Taking the entries below, transcribe only the lines starting with the one with "Фото товару: Електронний" and going on through the one with "El equipo de", exactly as written, without the pictures.

━━━━━━━━

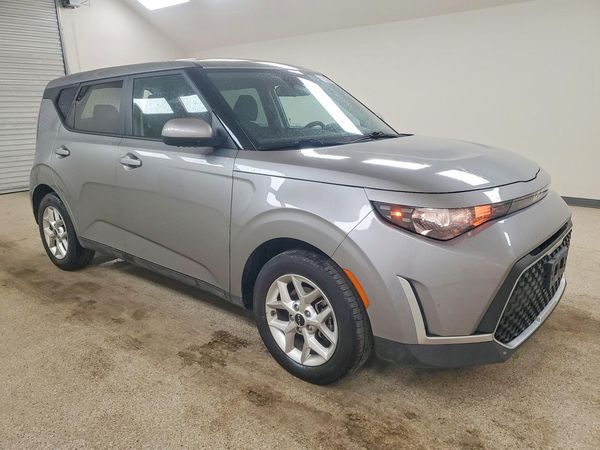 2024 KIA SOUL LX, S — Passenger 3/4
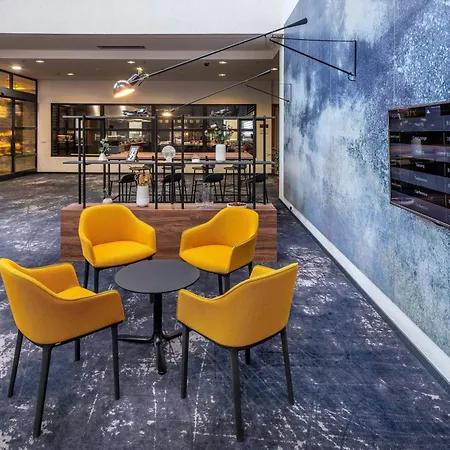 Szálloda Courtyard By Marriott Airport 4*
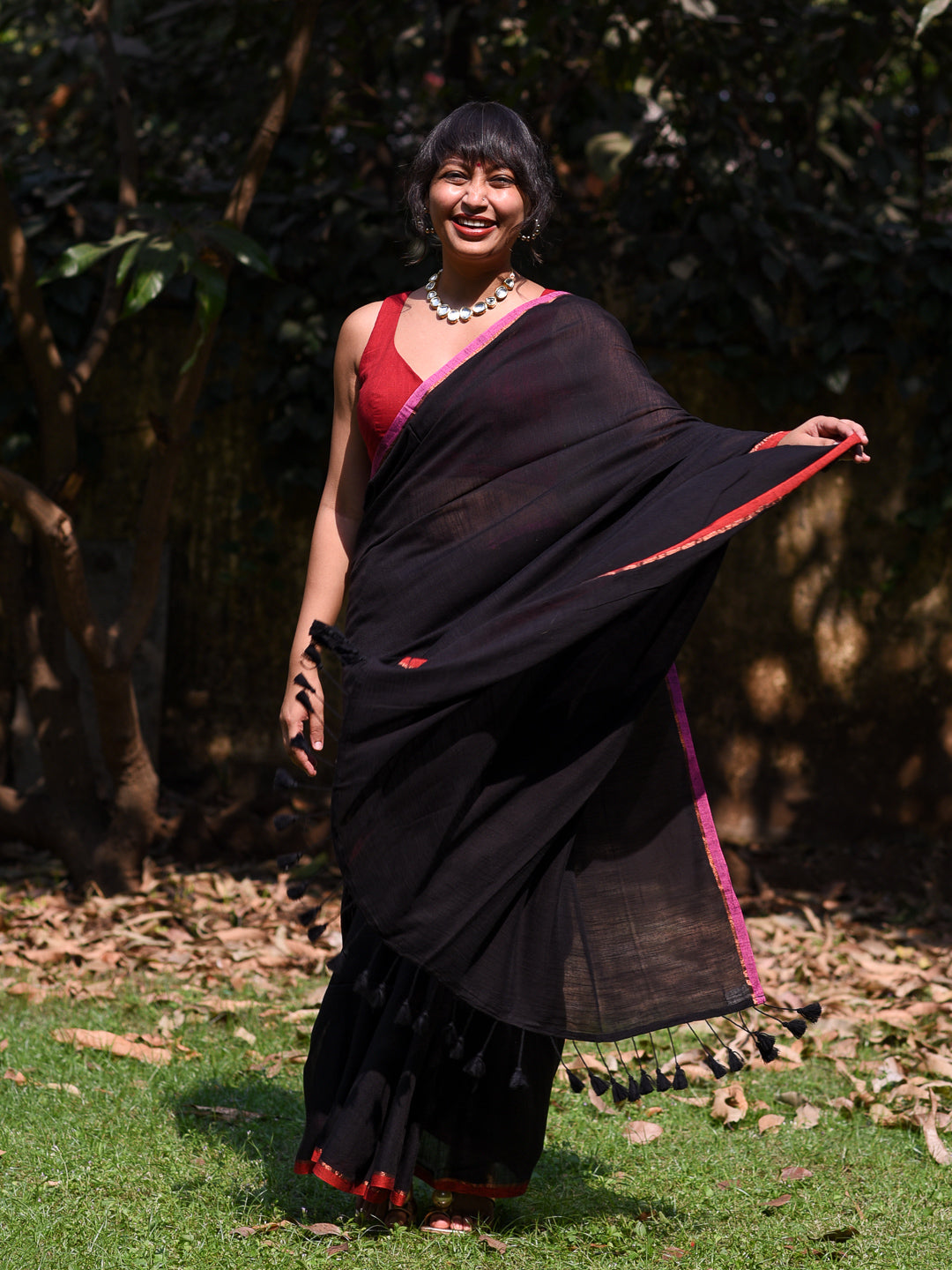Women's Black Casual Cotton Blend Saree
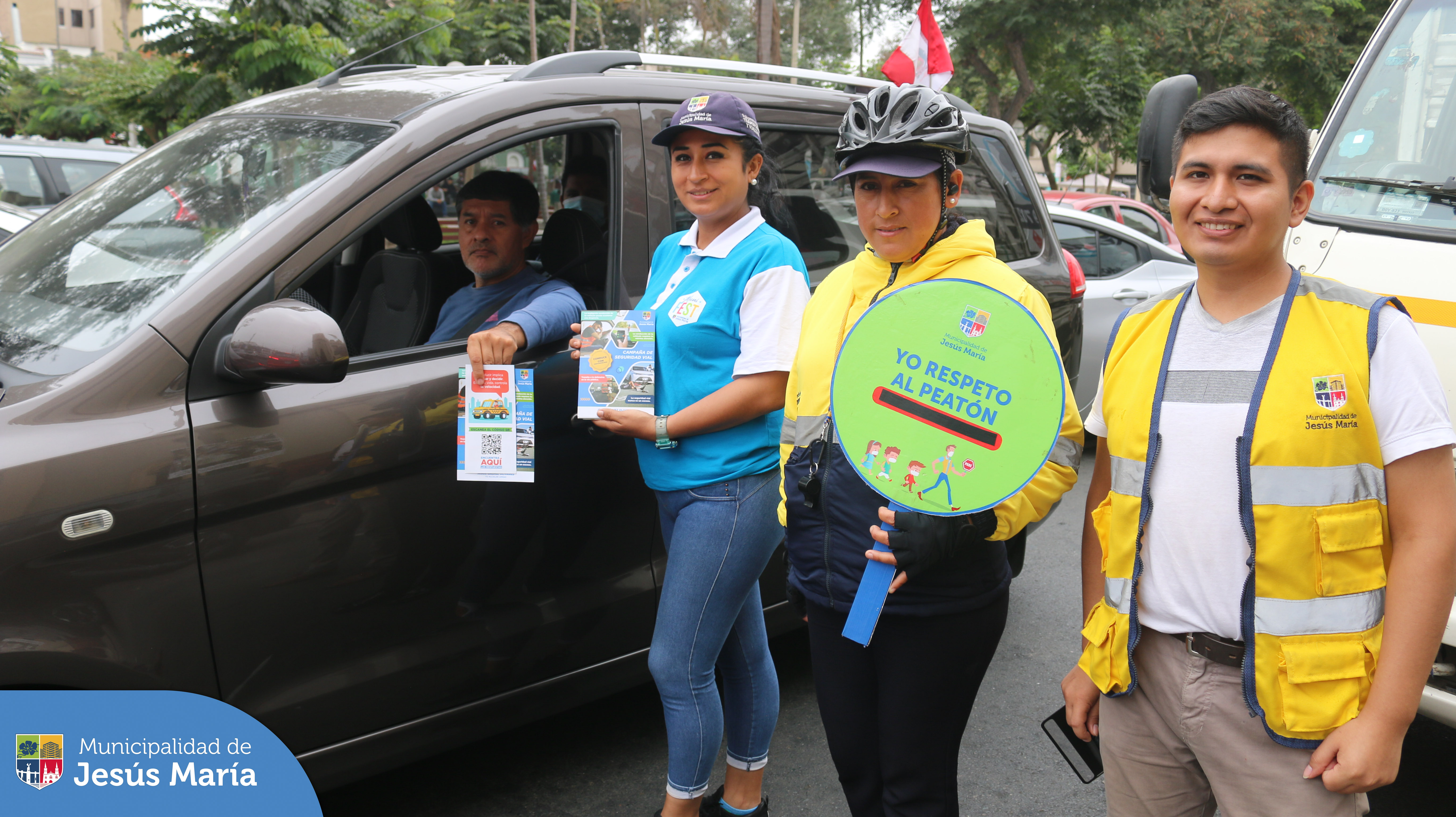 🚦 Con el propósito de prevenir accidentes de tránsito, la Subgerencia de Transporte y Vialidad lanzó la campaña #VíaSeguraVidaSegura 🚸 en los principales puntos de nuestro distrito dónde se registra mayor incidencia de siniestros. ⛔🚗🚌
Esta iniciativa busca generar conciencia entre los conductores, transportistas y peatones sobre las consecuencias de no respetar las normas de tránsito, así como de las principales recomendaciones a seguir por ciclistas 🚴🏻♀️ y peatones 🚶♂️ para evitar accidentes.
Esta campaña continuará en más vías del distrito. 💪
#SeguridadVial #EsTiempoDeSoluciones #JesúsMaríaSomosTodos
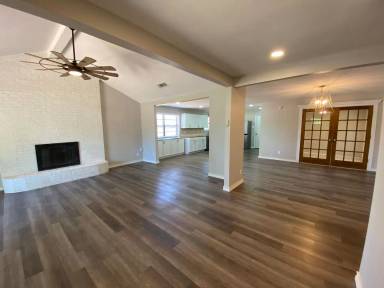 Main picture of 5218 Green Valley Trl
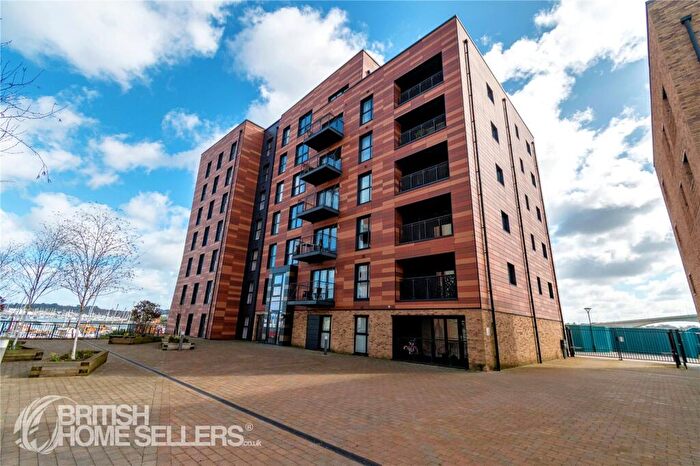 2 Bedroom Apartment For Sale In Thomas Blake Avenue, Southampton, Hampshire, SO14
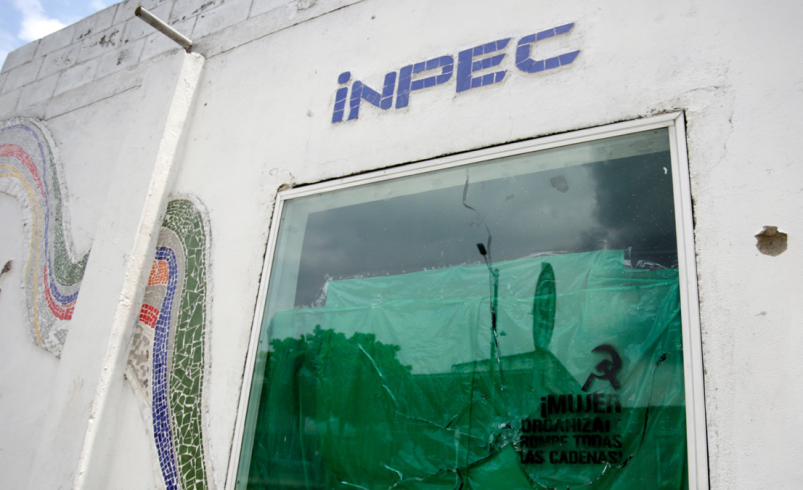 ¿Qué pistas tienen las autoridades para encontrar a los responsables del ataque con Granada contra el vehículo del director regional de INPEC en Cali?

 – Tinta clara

━━━━━━━━

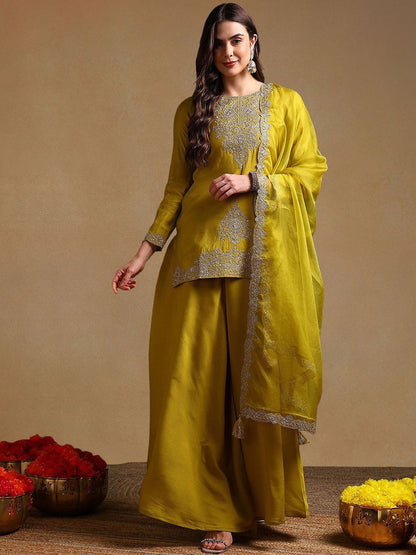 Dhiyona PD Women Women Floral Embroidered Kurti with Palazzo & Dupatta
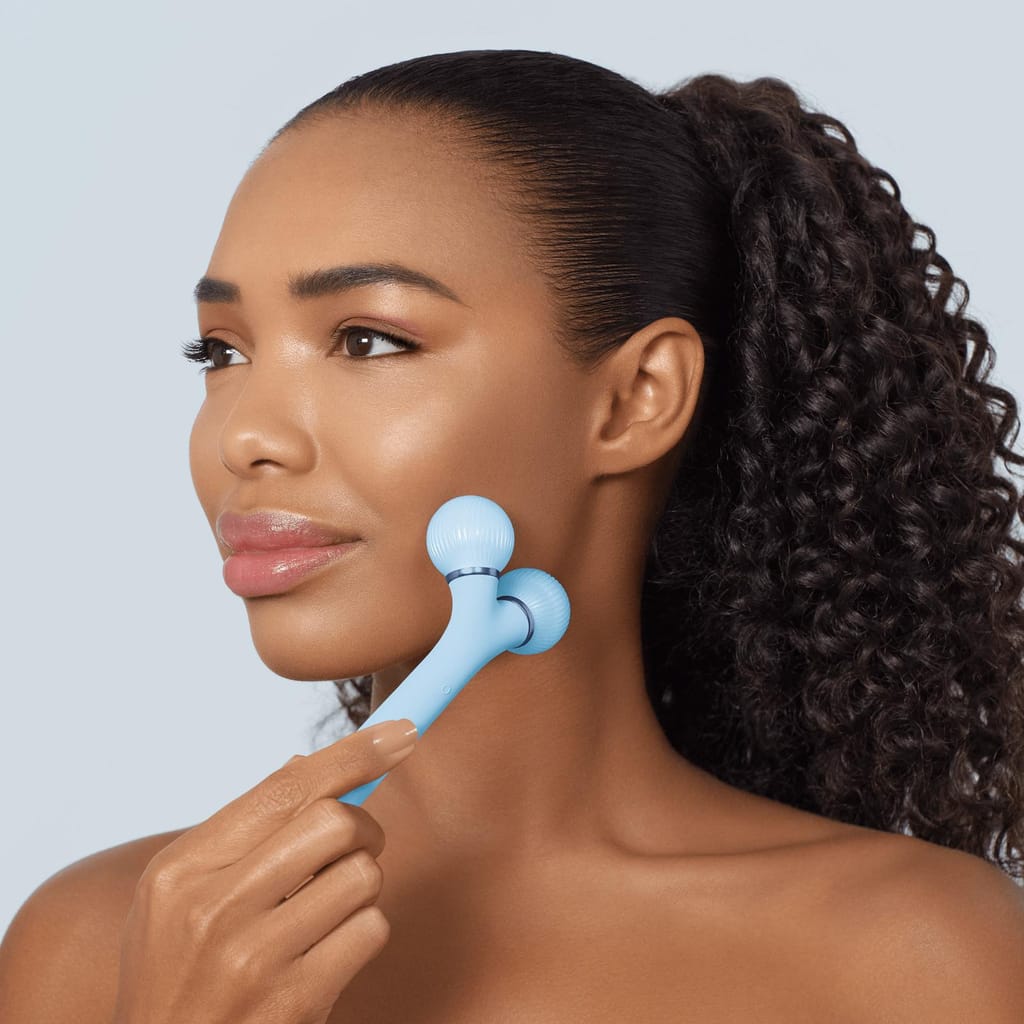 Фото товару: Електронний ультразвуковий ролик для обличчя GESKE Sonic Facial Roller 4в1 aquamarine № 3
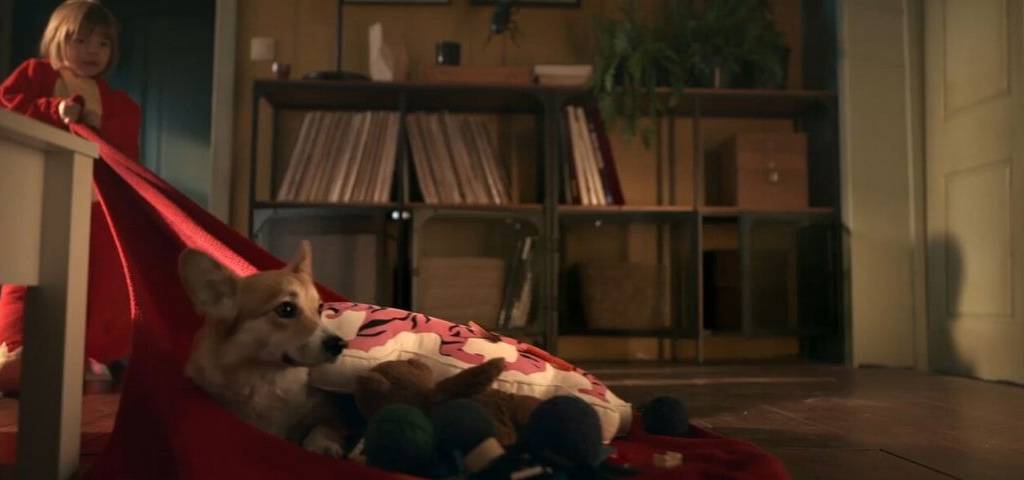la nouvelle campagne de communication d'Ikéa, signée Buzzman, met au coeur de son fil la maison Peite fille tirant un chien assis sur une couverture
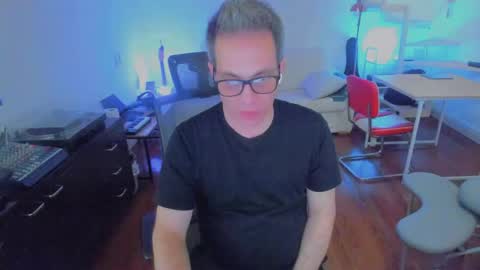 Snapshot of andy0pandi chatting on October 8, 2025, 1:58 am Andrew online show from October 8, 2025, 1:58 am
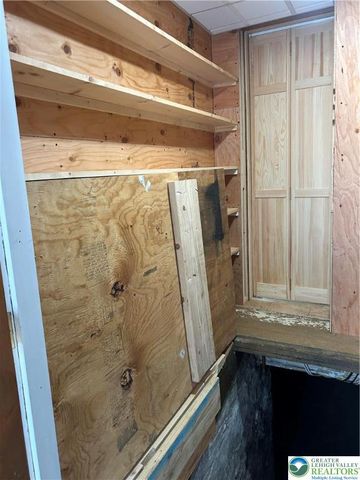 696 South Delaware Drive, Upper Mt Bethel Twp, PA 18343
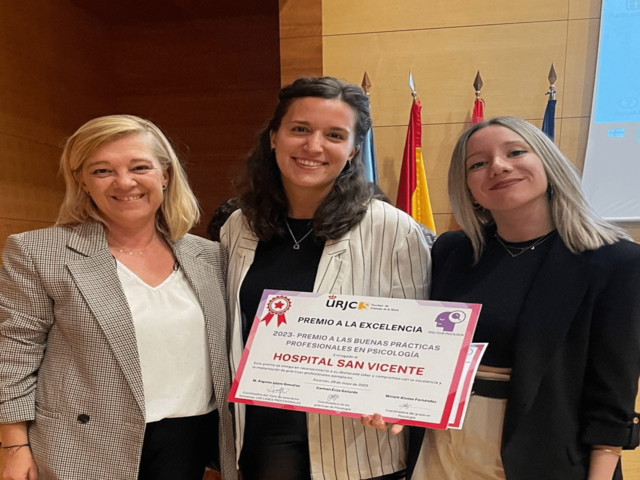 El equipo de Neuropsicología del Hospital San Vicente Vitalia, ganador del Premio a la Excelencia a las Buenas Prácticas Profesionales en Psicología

━━━━━━━━

→ **Result for this task**:
 Фото товару: Електронний ультразвуковий ролик для обличчя GESKE Sonic Facial Roller 4в1 aquamarine № 3
la nouvelle campagne de communication d'Ikéa, signée Buzzman, met au coeur de son fil la maison Peite fille tirant un chien assis sur une couverture
 Snapshot of andy0pandi chatting on October 8, 2025, 1:58 am Andrew online show from October 8, 2025, 1:58 am
 696 South Delaware Drive, Upper Mt Bethel Twp, PA 18343
 El equipo de Neuropsicología del Hospital San Vicente Vitalia, ganador del Premio a la Excelencia a las Buenas Prácticas Profesionales en Psicología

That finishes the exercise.